Все человеческие встречи – звенья родной цепи. Тронешь одно – отзовется другое. История, которую мне рассказывал Г.И. Богин, вдруг при другой моей встрече оказалась той, которую ему рассказывал другой человек, и этому человеку «вернул» историю я. История вернулась к ней – это и есть молва. Итак, история, которую мне рассказывала филолог Ксюша из Кременчуга – петербургская лимитчица, студентка Петербургского университета, экскурсовод в Спасском-Лутовиново, преподаватель незалежного украинского Кременчуга, желавшая нострификации воронежского диплома в Киевском университете.

В тридцатые в Ленинграде проводилась серия паспортизаций. Один еврей захотел, чтобы в паспорте у него было написано иудей. Написали, но спохватились и решили, что нет такой национальности, и ему переправили на индей. Поразмыслив, поскольку национальности индей тоже нет, ему переправили национальность на индейский еврей. Так и ходил индейским евреем. С Ксюхой мы познакомились в Киеве. «Обережно. Двери зачиняются. Наступна станция…» На уровне языка мне нравился Киев: дивные названия – Дарница, Оболонь, Труханов остров, Липки, Река Почайна, Река Лыбедь, Подол, Крещатик, Киево-Могилянская академия, Григорий Сковорода. Киев – свидетельство того, что Восточная Европа древнее Западной. Парадоксально, что неразвитые западные европейцы когда-то дивились богатому и культурному Киеву. Можно только дивиться течению истории, которая, как известно, учит тому, что ничему не учит: Киев – столица Киевской Руси, мать городов русских – переходит в вотчину НАТО <…>.

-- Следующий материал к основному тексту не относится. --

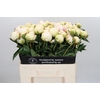 Paeonia Bowl Of Cream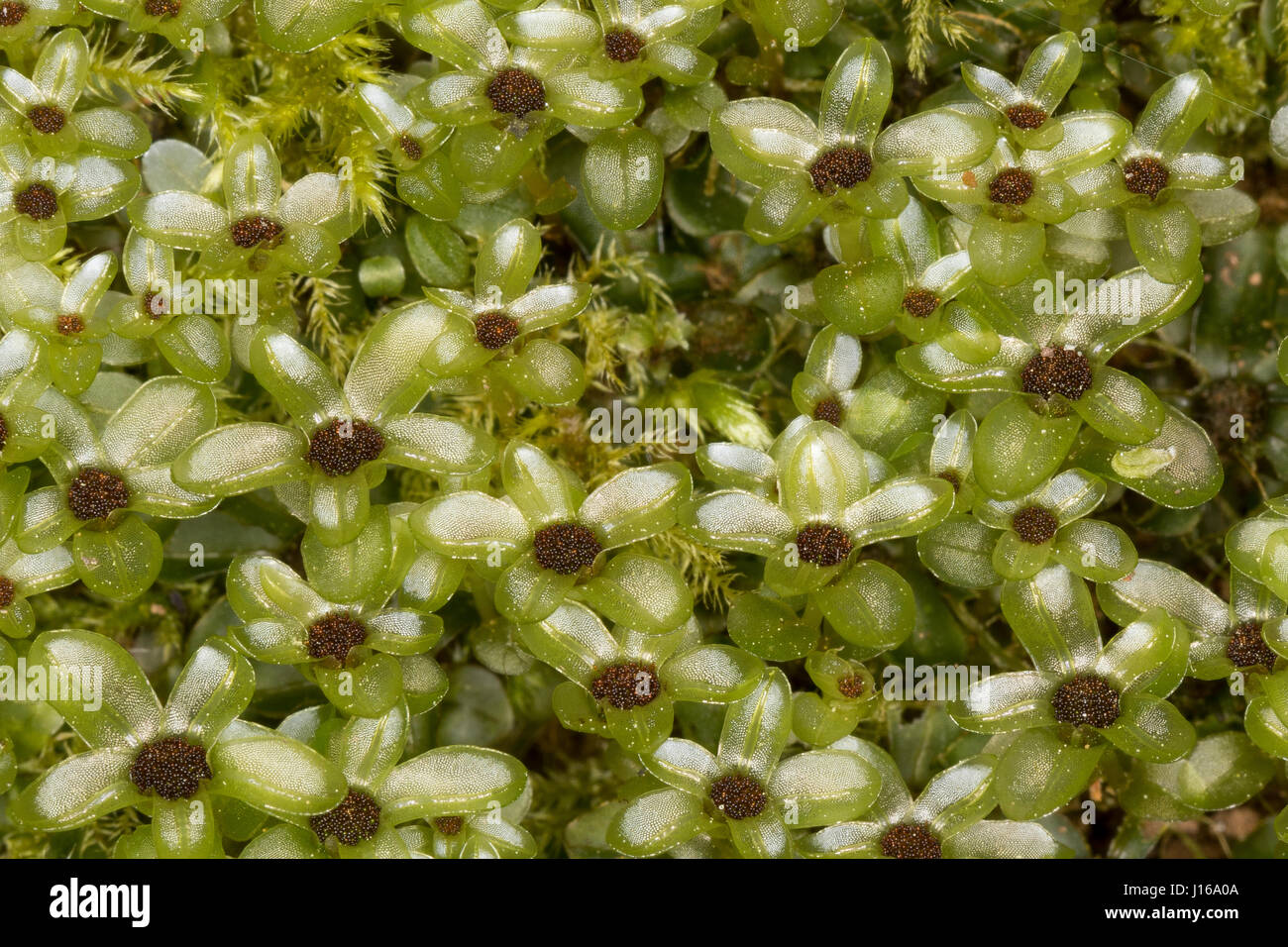 Punktiertes Wurzelsternmoos, Wurzel-Sternmoos, Rhizomnium punctatum,  Mnium punctatum, dotted thyme-moss, rhizomnium moss Stock Photo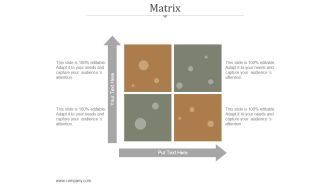 Matrix Ppt PowerPoint Presentation Infographics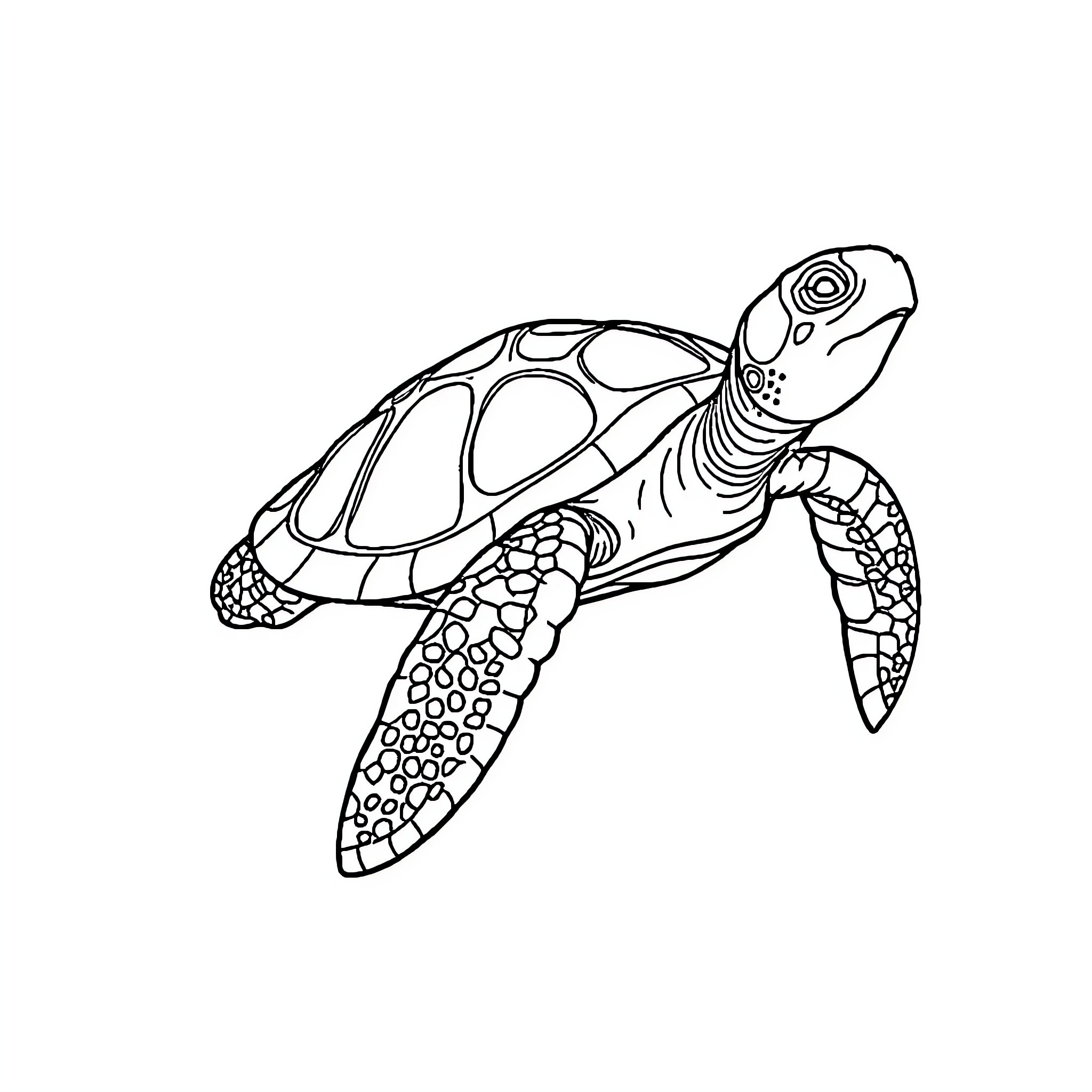 Turtle swimming gracefully in the ocean Coloring Page (free black-and-white line drawing printable PDF for all, from beginners to advanced learners, including children, teens, adults, and seniors)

Помню, как позвонила мне жена Г.И. Софья Кузьминична и сказала: «Пойдете работать в военную академию? Я бы на Вашем месте пошла, не раздумывая». Г.И. спрашивал, что у нас там за кафедра. Я сказал, что на кафедре работали Судзиловский и Аринштейн. Я не застал Судзиловского в работе, но я стал работать на кафедре, которую когда-то возглавлял он, стал осваивать терминологию и методику по его работам. Старые преподаватели рассказывали мне, как работал он, постоянно читая профессиональные журналы и выписывая термины из них на старые библиотечные карточки (советская профессиональная лексикография!). Первое, с чего началось мое знакомство с военным переводом – словарь Георгия Александровича Судзиловского. После аспирантуры, попав по конкурсу в военный вуз, я столкнулся с совершенно необычной средой. Библиотека Военного университета ПВО изобиловала книгами «Будни командира», «Во имя победы», «Искусство военачальника», «Отец солдату». На стенах висели лозунги типа «Без светильника истории тактика – потемки». Взор, блуждающий по стенам с фотографиями ракет, самолетов и командно-штабных учений, натыкался на странные таблички «Осторожно, ступеньки», «Центр подыгрыша» и так далее. На кафедре работала старенькая лаборантка, которая была вышколена еще маршалом. Она прекрасно помнила все английские термины. Могла удовлетворить любое праздное любопытство. «Зинаида Александровна, что же такое common strategic rotary launcher? Секунды не проходило, и вы получали ответ: „Штатная пусковая установка револьверного типа для стратегических ракет“». В ее индивидуальном лексиконе (лексикон индивидуален – психолингвисты правы!) буднично существовали кабрирование, барражирование, дипольные отражатели, инфракрасные ловушки-трассеры, всепогодная прицельная навигационная система, десантные вертолетоносцы и множество других столь же интересных и необычных вещей. Хотелось как-то соответствовать этому. Этот опыт работы дал мне уроки работы со специализированными текстами и показал специфику деятельности переводчика на всю жизнь.